Displays are taking over our lives. Many of us work in front of computers all day, but we also have screens in our pockets, on our wrists and, of course, in our vehicles. Helping reduce visual clutter and distraction while driving, supplier company Continental developed something called the ShyTech Display, a screen that’s virtually invisible when not in use.

“Now displays don’t need to look black,” Arthur Brown, a user experience designer at Continental, said at an event earlier this month. “We can actually present them in a way where they can integrate with other hard trim in the vehicle interior.” What does this mean? Well, imagine a wood accent on your vehicle’s dashboard is also a screen. Images, graphics and animations can shine through when needed, but the display itself is completely invisible when not in use. It’s pretty cool stuff.

Yep, video plays just fine on this screen, too.


Craig Cole/Roadshow

The ShyTech Display feature an LCD screen with a matrix backlight and a special cosmetic layer optically bonded on top. “So, we’re shining through a decorative print,” explained Brown, a layer that’s designed for both appearance and haptics. Depending on what designers want, that print can look and feel like woodgrain, carbon fiber or even leather. Aside from their near-invisibility when not in use, compared to conventional screens, these should also have less glare and fewer reflections.

Demonstrated in person at a small media event, Continental’s ShyTech Display works far better than you might expect. No, images aren’t as crisp as on your brand-new iPhone, but considering the light is shining through a translucent layer, it’s remarkably good; graphics seem to float in the middle of a piece of trim. And of course, when the LCD is turned off, you have absolutely no idea there’s a screen there, though voice controls or proximity sensors could activate them.
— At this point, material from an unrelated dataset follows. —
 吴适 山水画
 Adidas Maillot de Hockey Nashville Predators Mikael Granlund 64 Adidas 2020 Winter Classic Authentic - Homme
A range of different finishes is available, not just imitation wood.


Craig Cole/Roadshow

Many automakers are exploring pillar-to-pillar, dashboard-sized screens, which certainly have a wow factor to them, but we may get to a point where it’s all too much. ShyTech Displays could help prevent sensory overload and keep vehicle interiors from looking like the TV section of a Best Buy. You know, with screens mounted everywhere.

ShyTech Displays should be robust enough for automotive use, meaning they can withstand vibration and impacts for many years as well as temperature extremes, from baking desert heat to arctic cold. Continental expects this technology will launch sometime in 2023, so look for it in vehicles sooner than later.